The espectations are high among Sinn fans, which are often keen of the 5100, very used in military watches or tool-watches.
The purpose was to have the same way to indicate the counted time (centered), have a 24h dial, in a 3-6-9 layout and an integrated chronograph movement.
As often, the Valjoux 7750 has been picked up for the base movement.
The developpement and the implementation of the modifications seem to cause quite a lot of difficulties to Sinn, which are doing the modifications in their factury on the base of a finished 7750 (ETA does not deliver ebauche anymore).

Identified modifications are at least (please add if you have pointed others)

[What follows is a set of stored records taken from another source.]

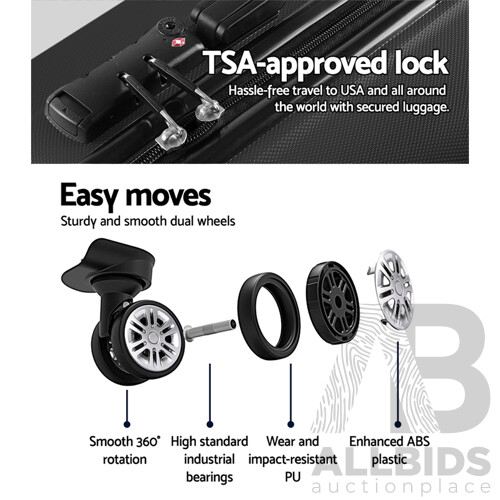 3PCS Carry On Luggage Sets Suitcase TSA Travel Hard Case Lightweight Black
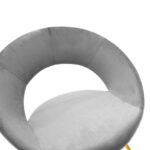 Καρέκλα Valentina pakoworld βελούδο γκρι-χρυσό πόδι - Image 4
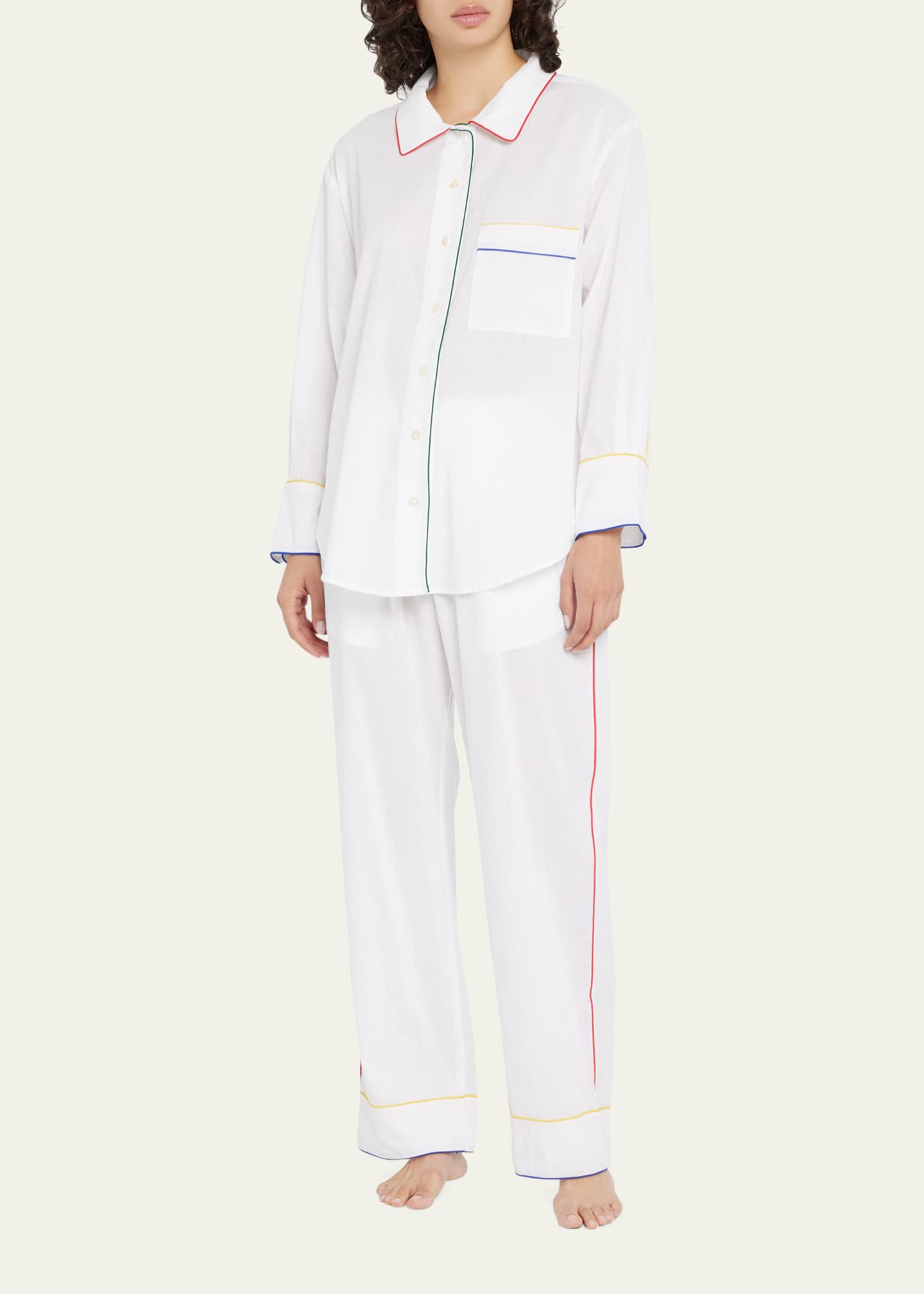 Folkloore Long-Sleeve Cotton Pajama Set - Bergdorf Goodman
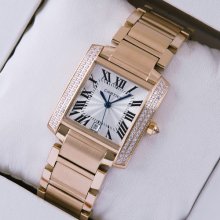 Cartier Tank Francaise diamond swiss mens watch replica 18K pink gold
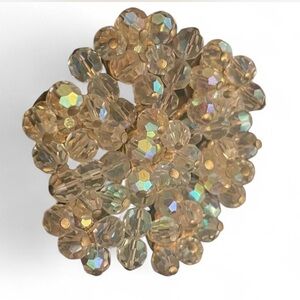Vintage Vendome Aurora Borealis crystal bead cluster brooch.
Mid 20th century.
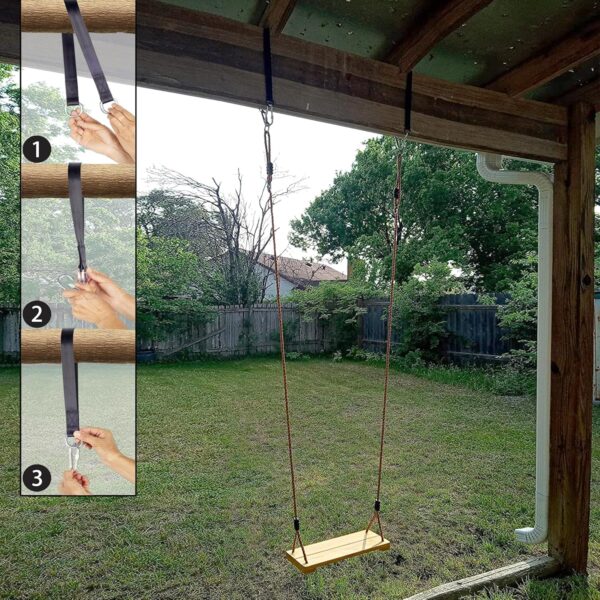 KINSPORY Wooden Swing, Wooden Tree Swing for Kid, Toddler Tree Swing Set, Wooden Swing Seat for Outdoor Porch Patio Garden Playgroud, Comes with Adjustable Nylon Rope and Tree Hanging Straps Kit - Image 5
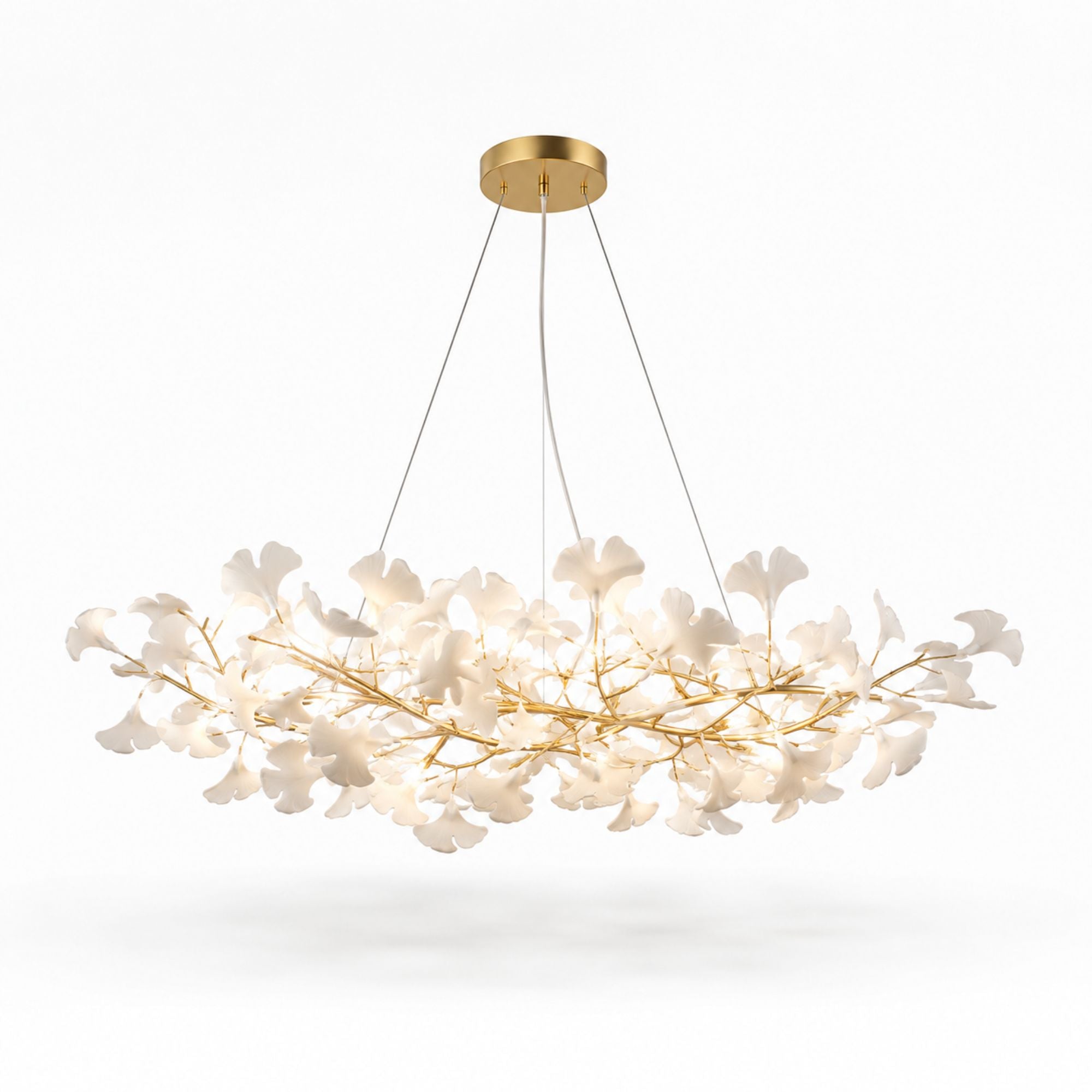 Horizon Bloom Gingko Chandelier — 23.6 in, gold branches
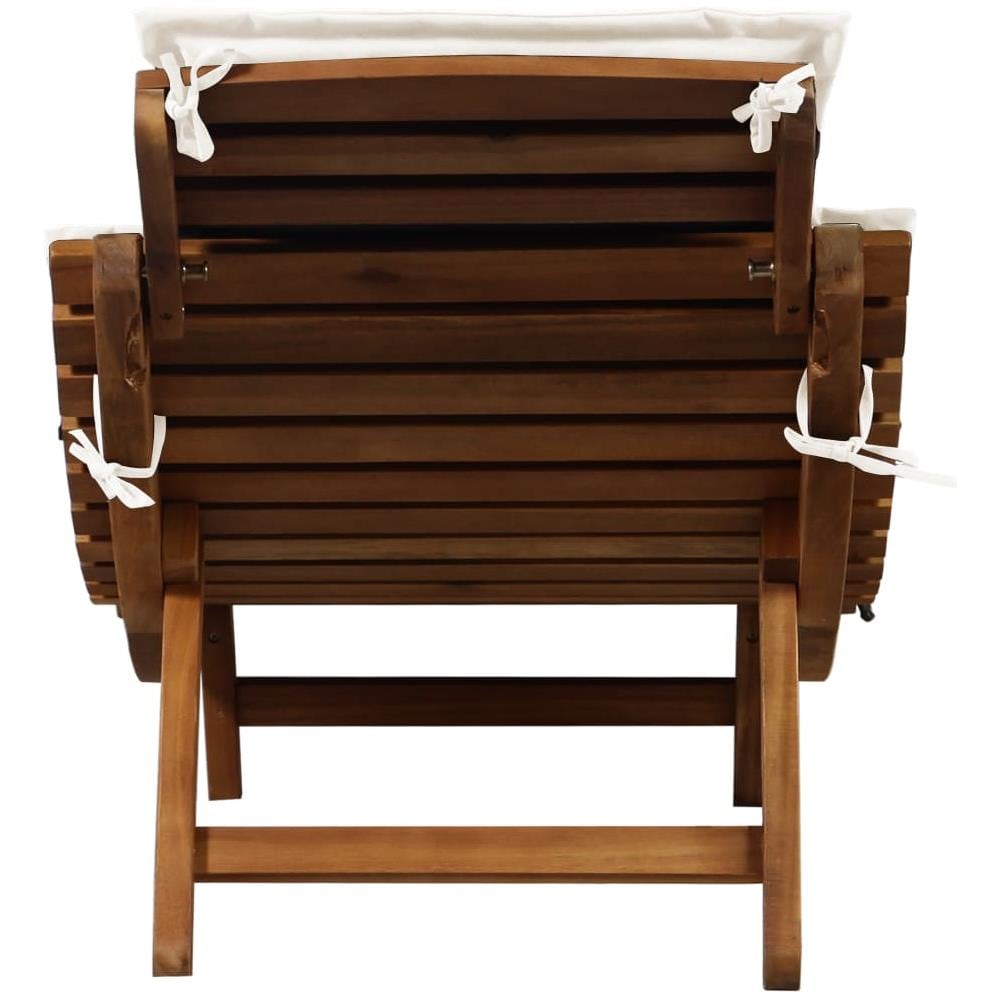 Lettino Prendisole con Cuscino in Legno Massello d'Acacia Crema - Foto 2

Replacement of the plate on the dial side since the hands layout is completly different, 
Addition of wheels to bring the 24h indication from the hour hand to the subdial, 
Replacement of the escapement by the Diapal escapement, 
Modification of the chronograph wheels to bring the minute hand in the center. This modification has other consequences because the new minute hand is a lot bigger than the initial one. Despite its bigs counterweight the clutch and reset of the basic 7750 are not dimensionned to carry such a big hand. They had to be resized or redesigned. 
 Probably that these modifications explain why the movement has 34 jewels when the 7750 has 25.

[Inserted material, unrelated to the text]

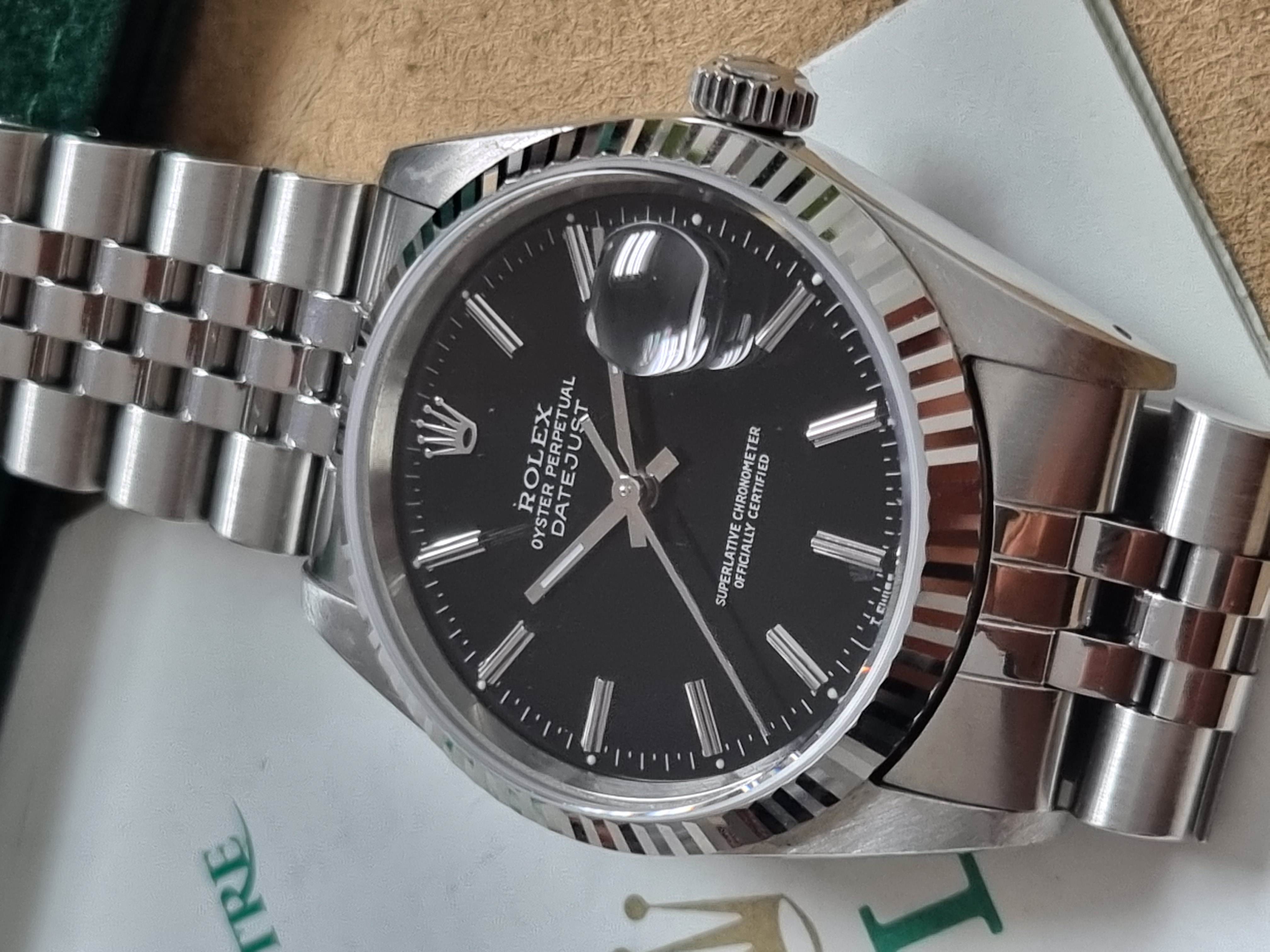 Rolex Datejust Datejust 36 Ref. 16234 Black Dial Steel And 18Kt WG Bezel Jubilee Band Paper 1988 | San Giorgio a Cremano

Last thing, this SZ01 has the jumping chrono minute hand, not like the 5100.
As usually, the movement is tuned once in its case. The result for this watch is very satisfying for the moment.

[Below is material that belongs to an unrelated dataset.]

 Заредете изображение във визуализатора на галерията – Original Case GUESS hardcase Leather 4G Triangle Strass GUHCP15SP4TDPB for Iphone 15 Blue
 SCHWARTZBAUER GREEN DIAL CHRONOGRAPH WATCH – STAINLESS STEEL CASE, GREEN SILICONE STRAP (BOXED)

Before concluding, I'd like to mention the price of the watch, and its positionnement in the watch range.
4000€ is quite a lot of money, and often the beginning range of prestigious brands like Breitling, Omega, Panerai. But we won't find similar models in their catalogues, not more than in the Hamilton or Oris catalogues.  
This watch is aiming at amateurs, in a well though positionning. A small market maybe, but in which Sinn excels.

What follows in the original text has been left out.